*WHAT THE TASK ASKS*:
Please repeat exactly the lines from the one containing "Black Cat Nail Art Stickers" through the last line of the records, both included, and nothing else, leaving out any pictures.

- - - - - - -

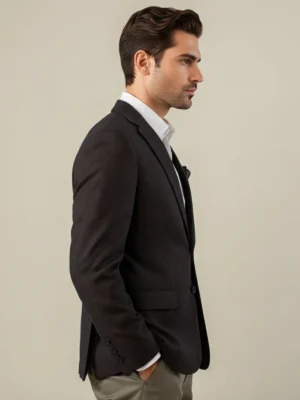 SuitsHeritage Men’s Solid Brown Slim Fit Blazer Side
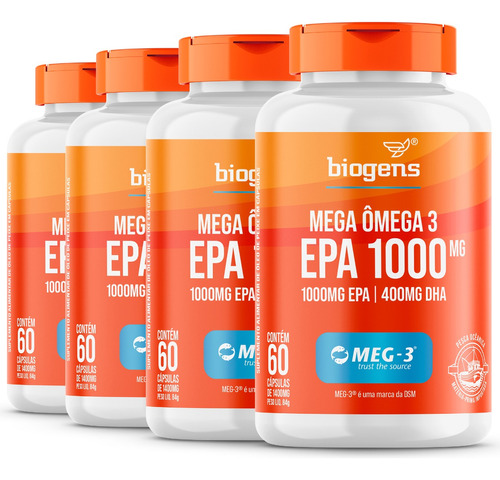 Kit de 4 unidades Mega Omega 3 EPA de 1000 mg, certificado. Meg-3® 60 cápsulas, sabor neutro de Biogens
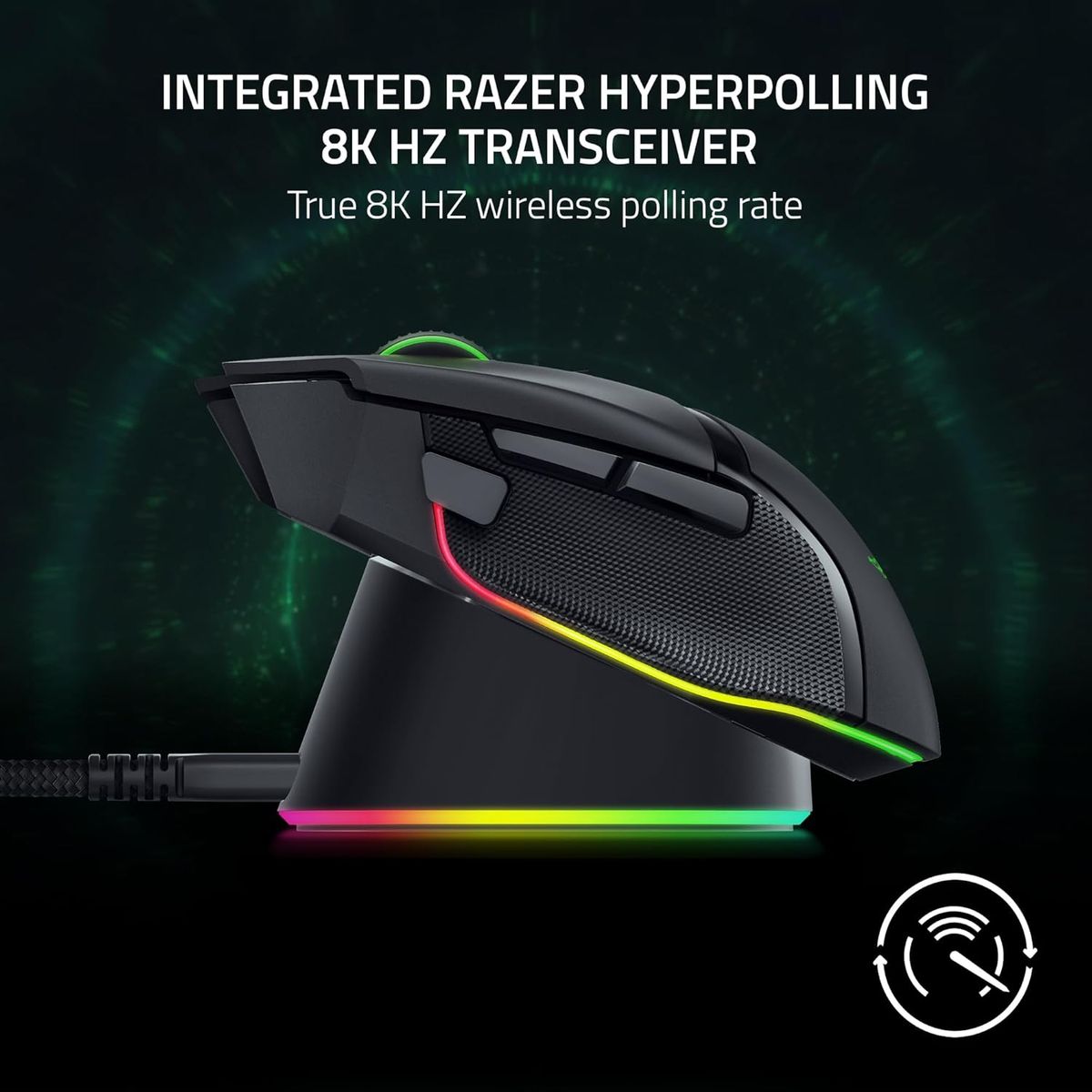 Razer Mouse Dock Pro mit kabellosem Ladepuck: magnetisches kabelloses Laden - Integrierter HyperPolling 4K Hz Transceiver - Anti-Rutsch-Basis - Chroma RGB Beleuchtung - Schwarz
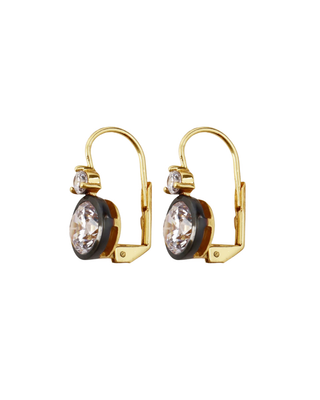 RHODIUM DOUBLE BEZEL DROP EARRINGS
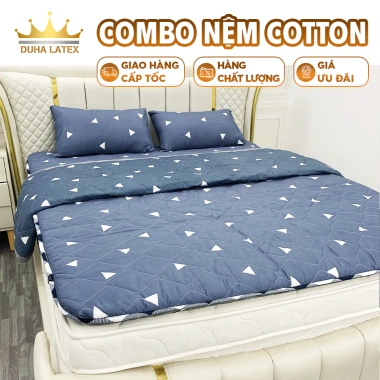 Combo Nệm Topper & Gối + Chăn Chần Bông Microfiber May Biên Chắc - Giá Ưu Đãi 337.000đ - Duhalatex Store 2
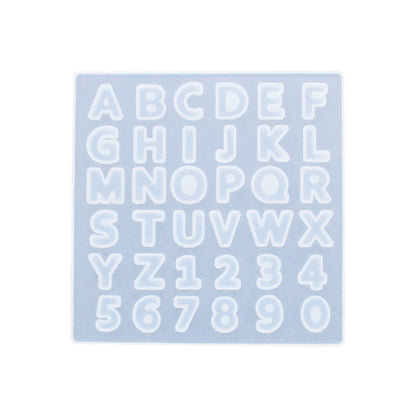 Silikonform zu Herstellung von Buchstaben und Zahlen mit Gießpulver wie Jesmonite, Keraflott und Raysin.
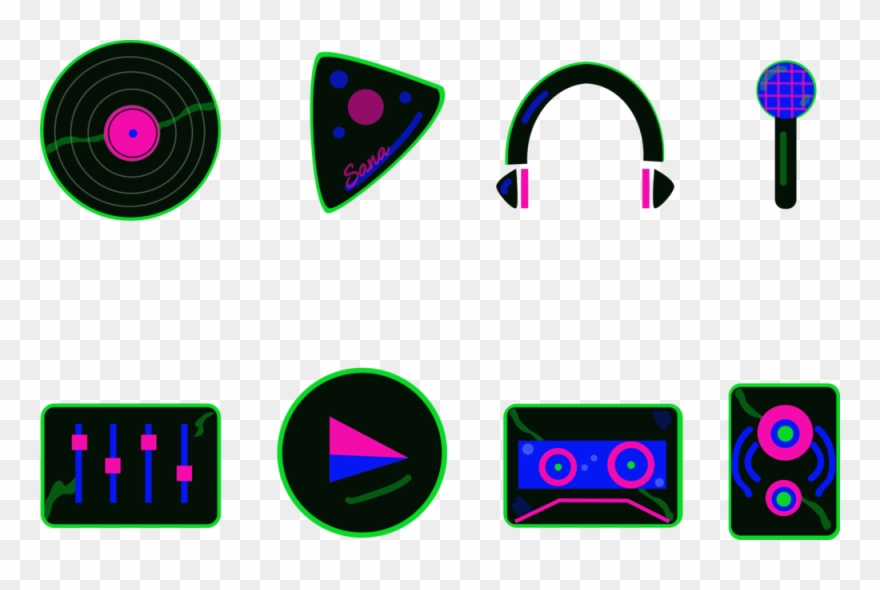Retro Music Icons Designed By Yours Truly Clipart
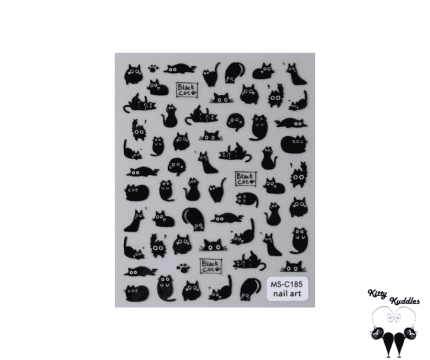 Black Cat Nail Art Stickers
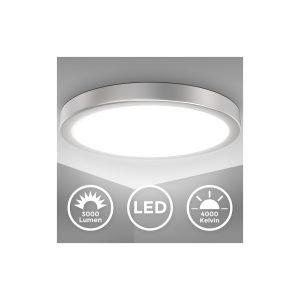 LED Deckenlampe Silber 24W Metallrand Panel 38cm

- - - - - - -

*EXERCISE ANSWER*:
 Black Cat Nail Art Stickers
 LED Deckenlampe Silber 24W Metallrand Panel 38cm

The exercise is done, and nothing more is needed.